Dementia can feel like being in a foreign land with people barking orders in a different language. It is frightening and confusing. How comforting it is when we feel frightened or confused to have a best friend come alongside us. Caregivers get to be that best friend. There is comfort in being known, and making sure your care receiver feels known and understood will make everyone’s life easier. When we call our care receiver by name, remember their preferences, engage them in their favorite hobbies, TV shows, or other activities, we help them feel known and valued. Preserve their dignity and give them the respect you would offer your best friend. Laugh with them and keep a sense of humor.

Often people who have dementia or Alzheimer’s will remember their past. My father did not have dementia, but my siblings and I often wish we had recorded his story.
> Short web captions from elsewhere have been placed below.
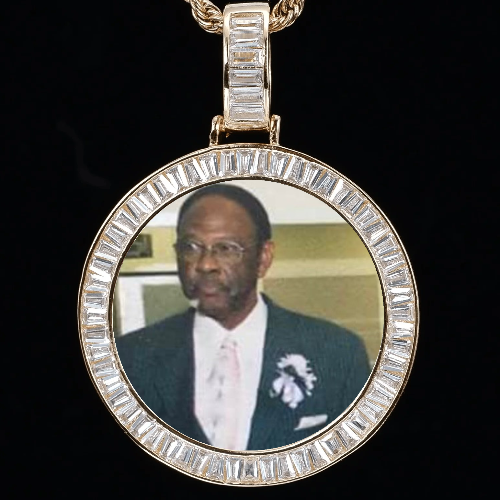 CUSTOM PICTURE PENDANT STYLE-2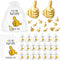 Tondiamo 60 Sets Employee Appreciation Gift Bulk Thumbs up Pin with Thank You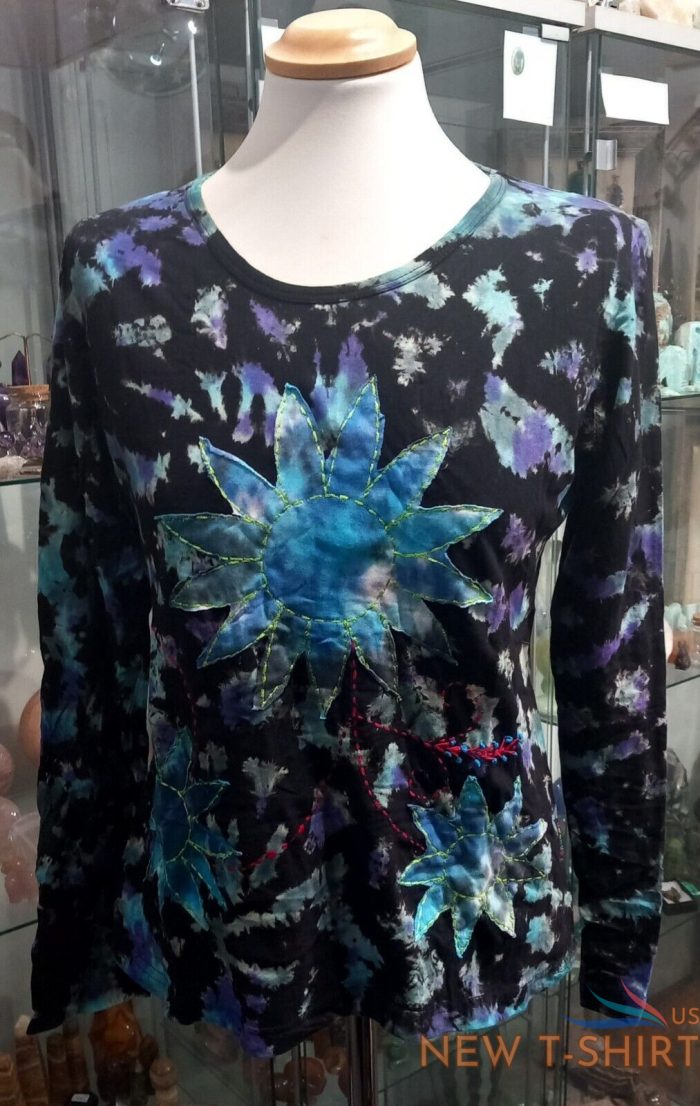 fair trade gringo longsleeve tie dyed top in blue s m m l xl n407 tl2 0.jpg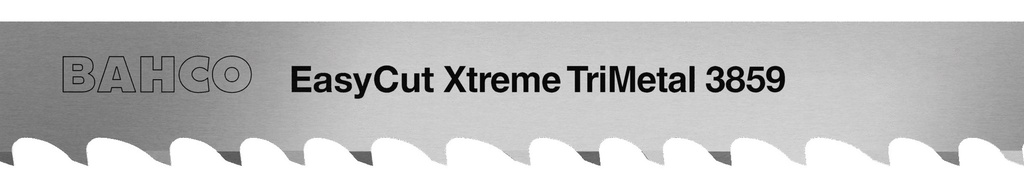 Extreme Easy-Cut TriMetal Carbide Bandsaw Blade 3859-41-1.3-EZX-4/6-5320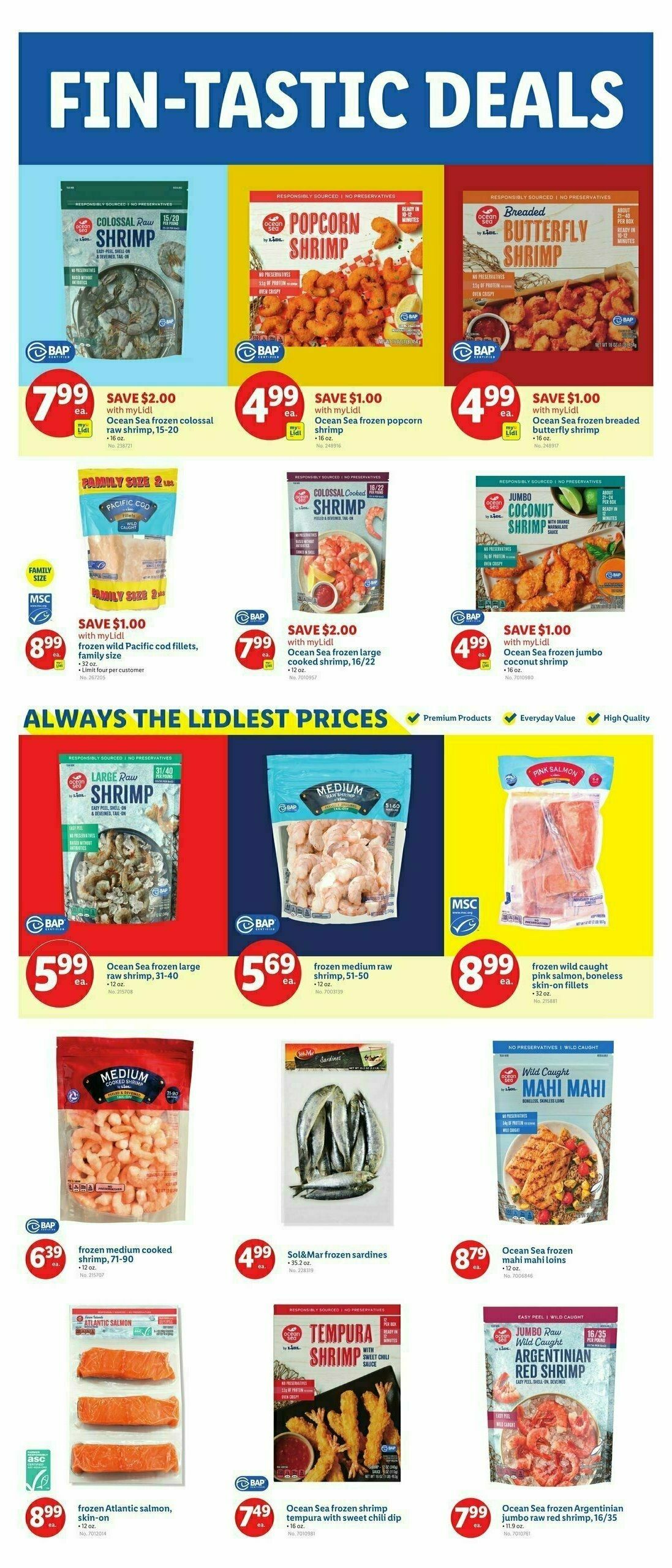 LIDL Weekly Ad from March 21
Sit with your care receiver and write their story with them. Ask them questions to clarify their thoughts. Include little details like how they like their coffee or what sounds of summer they love. Could you talk about your memories with them? Maybe there was a special birthday your mom planned or a surprise day trip you still remember? While they are sharing their memories, including yours about the same event, Include pictures if possible.

Sometimes an event or happening may cause your loved one to go back in time. Once a man who had been in WWII helped prepare a German meal with a volunteer at a nursing home, and for two weeks afterward, in his mind, he was on a boat coming back from the war. There was no point in confusing him further by correcting him. We played along as army nurses returning with him. We learned a lot about him.

If they set the table and become confused about where the fork goes, guide their hand instead of verbally correcting them. Remember that you may be talking in what sounds like a foreign language to someone with dementia.

Fill their days with activities they love. I heard one woman helped her mom make dog biscuits for the local shelter. This activity gave her mom a sense of purpose as they delivered them. Going to the dog shelter was a social outing that also kept her mom from feeling so isolated.

Saying the right things at the right time is a knack, but it will develop in you as you go along. First, you may need to meet your care receiver in their reality. Take time and gently discover what that reality might be at this moment. Take some time to talk and understand. They may be living in a time when the president was Obama or Bush, or even Nixon. Correcting them will only agitate them. Talk with them for a while about their reality. Maybe they want to go home, but they are already home. Ask them questions about their home. Does it have a garden? What sort of porch or deck does it have? Asking questions is a creative way to get around “sticking points.”